**Problem requirements:** Would you quote every entry exactly, dropping only the pictures?

START Data shown

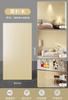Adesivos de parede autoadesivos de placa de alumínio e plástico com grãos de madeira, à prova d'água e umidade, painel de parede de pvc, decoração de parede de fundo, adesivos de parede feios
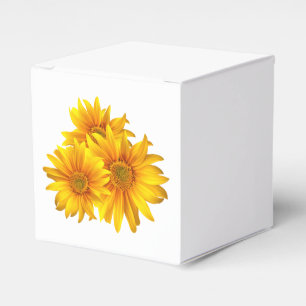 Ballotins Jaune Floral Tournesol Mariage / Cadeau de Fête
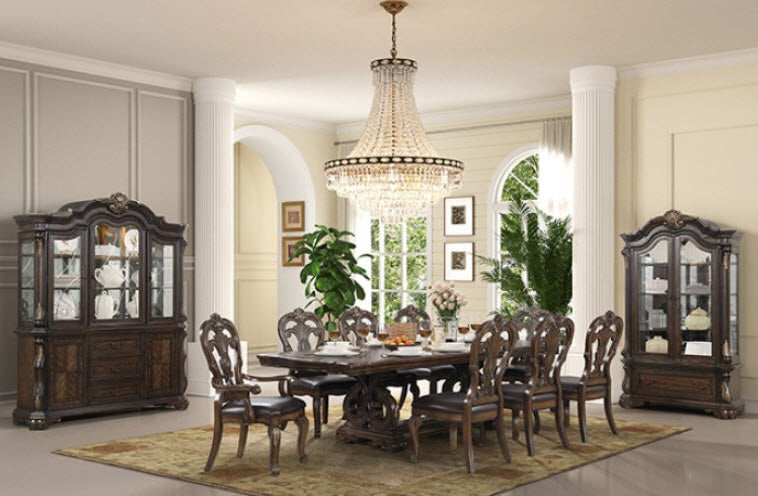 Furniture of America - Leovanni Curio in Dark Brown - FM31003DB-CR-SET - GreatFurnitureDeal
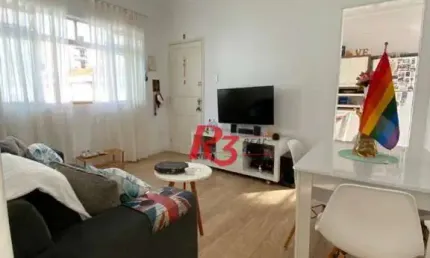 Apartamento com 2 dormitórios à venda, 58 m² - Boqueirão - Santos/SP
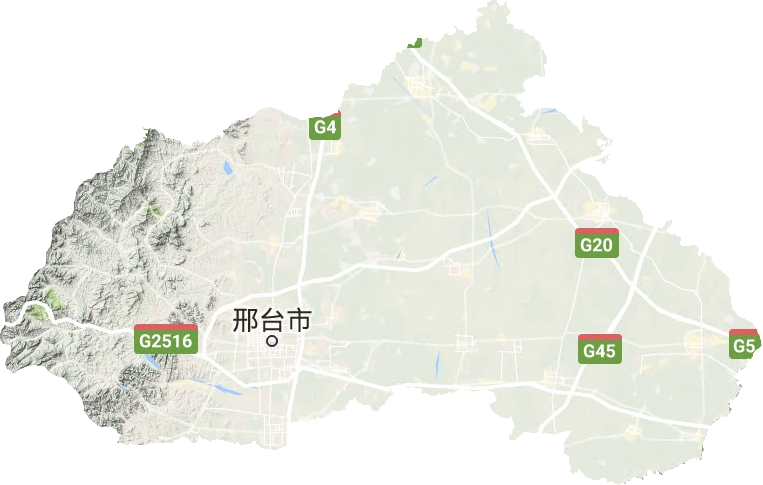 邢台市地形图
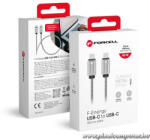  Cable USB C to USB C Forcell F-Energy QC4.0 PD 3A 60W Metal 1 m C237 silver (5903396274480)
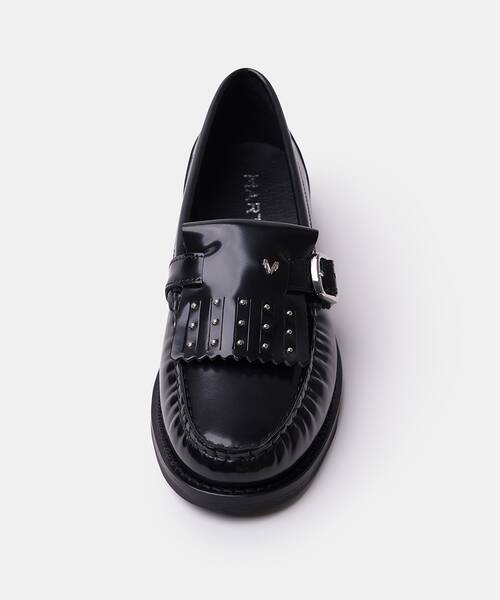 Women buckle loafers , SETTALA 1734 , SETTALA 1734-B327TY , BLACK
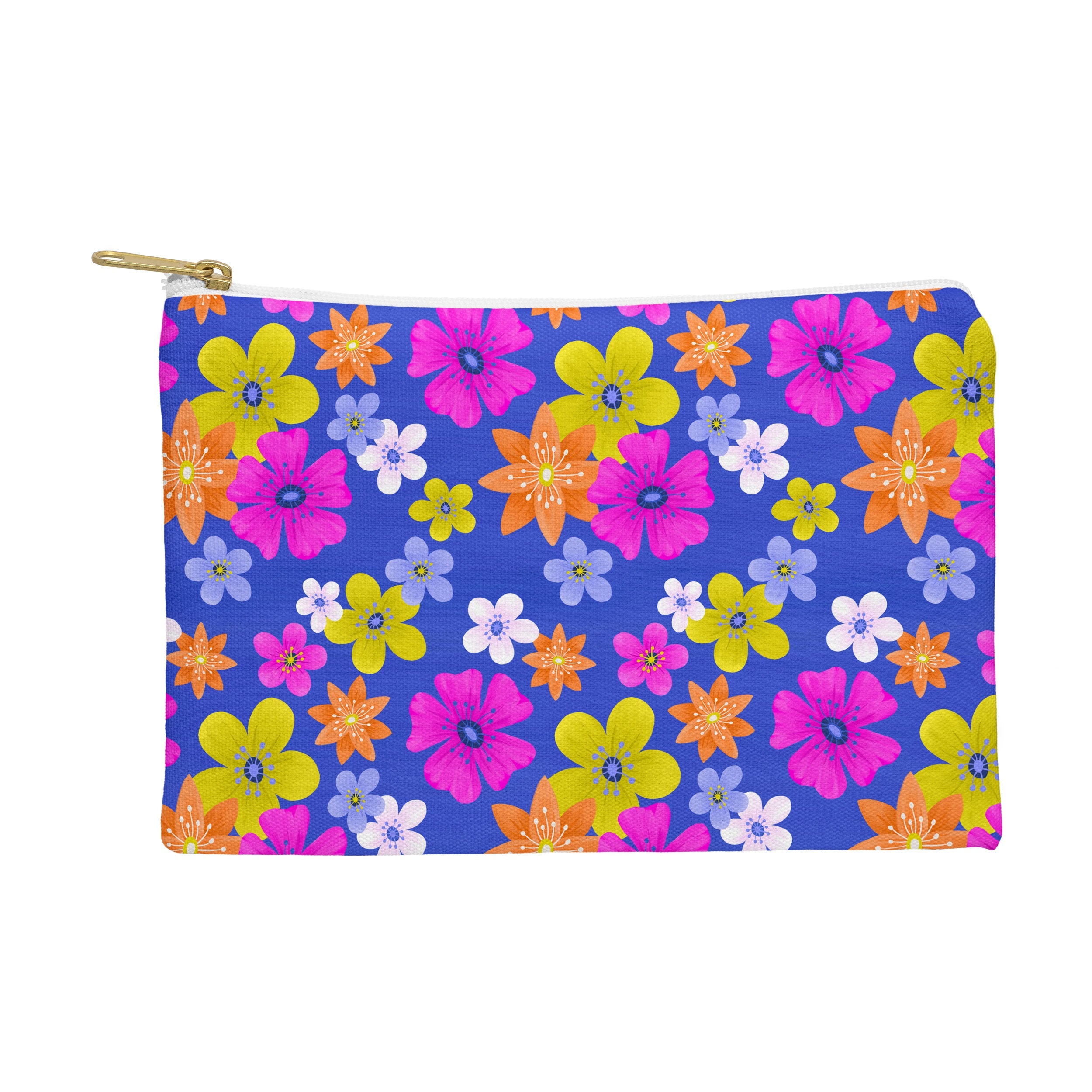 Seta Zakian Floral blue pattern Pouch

END Data shown

**Task result:**
Adesivos de parede autoadesivos de placa de alumínio e plástico com grãos de madeira, à prova d'água e umidade, painel de parede de pvc, decoração de parede de fundo, adesivos de parede feios
 Ballotins Jaune Floral Tournesol Mariage / Cadeau de Fête
 Furniture of America - Leovanni Curio in Dark Brown - FM31003DB-CR-SET - GreatFurnitureDeal
 Apartamento com 2 dormitórios à venda, 58 m² - Boqueirão - Santos/SP
 邢台市地形图
  Cable USB C to USB C Forcell F-Energy QC4.0 PD 3A 60W Metal 1 m C237 silver (5903396274480)
 Women buckle loafers , SETTALA 1734 , SETTALA 1734-B327TY , BLACK
 Seta Zakian Floral blue pattern Pouch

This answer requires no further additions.